2020-11-02

日本:注目裁判例、指定商品「翻訳支援ツール」と同「翻訳ソフト」は類似商品とされた事例 - 工藤莞司

(「翻訳支援ツール事件」令和2年10月8日 知財高裁令和2年(行ケ)第10021号)

事案の概要 原告(出願人)は、本願商標「POET ポエット」について登録出願をした処、拒絶査定を受けて、不服の審判(不服2018-17007)を請求したが、特許庁は不成立審決をした。審決の理由は、本願商標は、引用商標(登録第4634308号)と類似する商標で、かつ、本願指定商品9類「翻訳業務を支援するためのコンピュータソフトウェア・コンピュータプログラム」(以下「翻訳支援ツール」と略)は、引用指定商品9類「電子応用機械器具及びその部品」(以下「翻訳ソフト」と略)と類似する商品で、商標法4条1項11号に該当するとしたものである。原告は、審決の取消しを求めて、知財高裁へ提訴した。知財高裁では、指定商品の同一又は類似が争点となった。

判 旨 「翻訳支援ツール」と「翻訳ソフト」の類否
本判決では、本願指定商品「翻訳支援ツール」もコンピュータプログラムである以上,引用指定商品「電子計算機用プログラム」に含まれ指定商品は同一としながらも、原告主張に従い、類似性についても判断している。
指定商品が類似するかどうかは、それらの商品が通常同一営業主により製造又は販売されている等の事情により、それらの商品に同一又は類似の商標を使用するときは同一営業主の製造又は販売に係る商品と誤認されるおそれがあると認められる関係にある場合には、4条1項11号の「類似の商品」に当たる(「橘正宗事件」最高裁昭和33年(オ)第1104号 同36年6月27日 民集15巻6号1730頁)。上記(略)で検討したとおり、翻訳支援ツール及び翻訳ソフトは、生産部門及び販売部門を共通にする場合があるといえること、用途及び機能に共通する部分があるといえること、需要者の範囲が一致することがあるといえることからすれば、両者に同一又は類似の商標が使用された場合には、同一の営業主の製造又は販売に係る商品であると誤認されるおそれがあるというべきである。
したがって、「翻訳支援ツール」である本願指定商品と「翻訳ソフト」を含む引用指定商品は、4条1項11号にいう「類似する商品」に当たるものと認められる。

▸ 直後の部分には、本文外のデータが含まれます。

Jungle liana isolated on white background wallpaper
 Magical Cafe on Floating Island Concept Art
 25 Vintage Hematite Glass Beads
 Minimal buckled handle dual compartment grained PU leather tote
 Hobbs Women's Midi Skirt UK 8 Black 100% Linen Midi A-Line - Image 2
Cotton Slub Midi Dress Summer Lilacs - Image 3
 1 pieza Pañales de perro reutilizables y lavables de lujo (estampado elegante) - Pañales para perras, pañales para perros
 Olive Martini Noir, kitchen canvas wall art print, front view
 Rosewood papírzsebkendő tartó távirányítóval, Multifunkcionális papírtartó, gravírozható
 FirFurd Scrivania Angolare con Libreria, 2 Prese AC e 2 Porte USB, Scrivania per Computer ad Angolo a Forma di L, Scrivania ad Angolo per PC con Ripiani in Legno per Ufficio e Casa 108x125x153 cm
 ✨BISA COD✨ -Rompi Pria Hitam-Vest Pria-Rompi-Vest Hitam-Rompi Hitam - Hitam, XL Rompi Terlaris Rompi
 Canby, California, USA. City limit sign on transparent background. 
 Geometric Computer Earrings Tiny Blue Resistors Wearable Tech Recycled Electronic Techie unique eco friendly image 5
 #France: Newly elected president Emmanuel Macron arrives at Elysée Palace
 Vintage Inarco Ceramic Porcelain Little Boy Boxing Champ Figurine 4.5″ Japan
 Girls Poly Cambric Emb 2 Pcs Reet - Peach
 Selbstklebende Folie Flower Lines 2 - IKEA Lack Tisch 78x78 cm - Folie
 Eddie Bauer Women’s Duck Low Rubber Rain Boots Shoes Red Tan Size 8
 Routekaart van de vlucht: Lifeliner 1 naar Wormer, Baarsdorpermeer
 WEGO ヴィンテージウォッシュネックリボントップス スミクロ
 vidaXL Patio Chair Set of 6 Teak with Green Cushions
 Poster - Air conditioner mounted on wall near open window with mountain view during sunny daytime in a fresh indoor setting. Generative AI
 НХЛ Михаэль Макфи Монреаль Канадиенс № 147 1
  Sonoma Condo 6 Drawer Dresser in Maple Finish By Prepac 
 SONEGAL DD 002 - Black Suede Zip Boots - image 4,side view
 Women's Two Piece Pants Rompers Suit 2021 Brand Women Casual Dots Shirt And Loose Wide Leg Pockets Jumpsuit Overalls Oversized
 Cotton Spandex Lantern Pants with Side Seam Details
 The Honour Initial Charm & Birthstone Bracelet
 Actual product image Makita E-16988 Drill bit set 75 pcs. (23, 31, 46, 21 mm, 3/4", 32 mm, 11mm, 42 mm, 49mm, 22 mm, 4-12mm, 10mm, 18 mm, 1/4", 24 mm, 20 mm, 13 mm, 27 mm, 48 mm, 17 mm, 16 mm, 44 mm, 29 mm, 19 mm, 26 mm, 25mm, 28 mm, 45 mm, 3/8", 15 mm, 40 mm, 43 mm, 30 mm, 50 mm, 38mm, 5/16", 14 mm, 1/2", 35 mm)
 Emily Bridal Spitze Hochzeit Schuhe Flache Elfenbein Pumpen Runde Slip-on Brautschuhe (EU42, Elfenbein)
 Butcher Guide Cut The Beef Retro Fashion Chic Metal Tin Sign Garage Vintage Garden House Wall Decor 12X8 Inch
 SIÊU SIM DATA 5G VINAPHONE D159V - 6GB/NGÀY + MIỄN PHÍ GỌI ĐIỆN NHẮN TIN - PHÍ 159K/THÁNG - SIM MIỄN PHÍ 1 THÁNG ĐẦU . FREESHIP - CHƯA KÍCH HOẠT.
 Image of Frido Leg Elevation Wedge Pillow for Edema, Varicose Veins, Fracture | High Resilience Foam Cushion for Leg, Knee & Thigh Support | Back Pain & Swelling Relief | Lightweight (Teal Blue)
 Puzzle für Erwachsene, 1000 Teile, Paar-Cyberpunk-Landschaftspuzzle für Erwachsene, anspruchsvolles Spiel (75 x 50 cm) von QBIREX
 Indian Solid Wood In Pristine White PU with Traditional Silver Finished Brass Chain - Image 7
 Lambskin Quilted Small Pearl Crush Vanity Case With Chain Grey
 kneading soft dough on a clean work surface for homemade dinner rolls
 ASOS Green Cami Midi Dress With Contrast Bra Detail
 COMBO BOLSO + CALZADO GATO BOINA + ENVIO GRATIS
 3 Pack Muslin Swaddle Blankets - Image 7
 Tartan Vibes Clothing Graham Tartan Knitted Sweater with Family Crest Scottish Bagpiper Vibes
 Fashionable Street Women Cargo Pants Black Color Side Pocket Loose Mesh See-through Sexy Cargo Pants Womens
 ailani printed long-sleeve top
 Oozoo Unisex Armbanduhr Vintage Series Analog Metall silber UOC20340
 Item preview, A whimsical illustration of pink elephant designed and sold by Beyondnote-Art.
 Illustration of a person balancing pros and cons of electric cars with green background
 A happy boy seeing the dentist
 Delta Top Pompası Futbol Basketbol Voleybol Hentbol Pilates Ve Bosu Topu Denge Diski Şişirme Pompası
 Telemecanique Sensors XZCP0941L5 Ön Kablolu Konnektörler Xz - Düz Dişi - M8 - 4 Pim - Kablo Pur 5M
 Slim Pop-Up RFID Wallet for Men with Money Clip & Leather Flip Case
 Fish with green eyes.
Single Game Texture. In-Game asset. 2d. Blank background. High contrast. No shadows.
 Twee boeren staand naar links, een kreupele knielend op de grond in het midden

コメント 商標法4条1項11号事案で、指定商品の類似性に係る数少ない裁判例である。実務的には、特許庁「商品・役務類似審査基準」内で判断されるが、同基準は推定の扱いであるから、その類否争うことは可能である。その前に本判決では、引用商標の指定商品に、本願指定商品が含まれるとの認定は前掲の通りである。
本判決で知財高裁は、「橘正宗事件」判例を持ち出し、両商品の生産部門及び販売部門、用途及び機能の共通性、需要者の範囲の一致から本願指定商品「翻訳支援ツール」と引用商標指定商品「翻訳ソフト」は類似の商品と判断している。認定要素等からすれば妥当な判断と思われる。
「橘正宗事件」判例は、氷山印判例(昭和43年2月27日 最高裁昭和39年(行ツ)第110号 民集22巻2号399頁)と並ぶ、古いが重要なものである。特許庁の基準が覆された裁判例として、「腸能力事件」(平成19年9月26日 知財高裁平成19年(行ケ)第10042号)がある。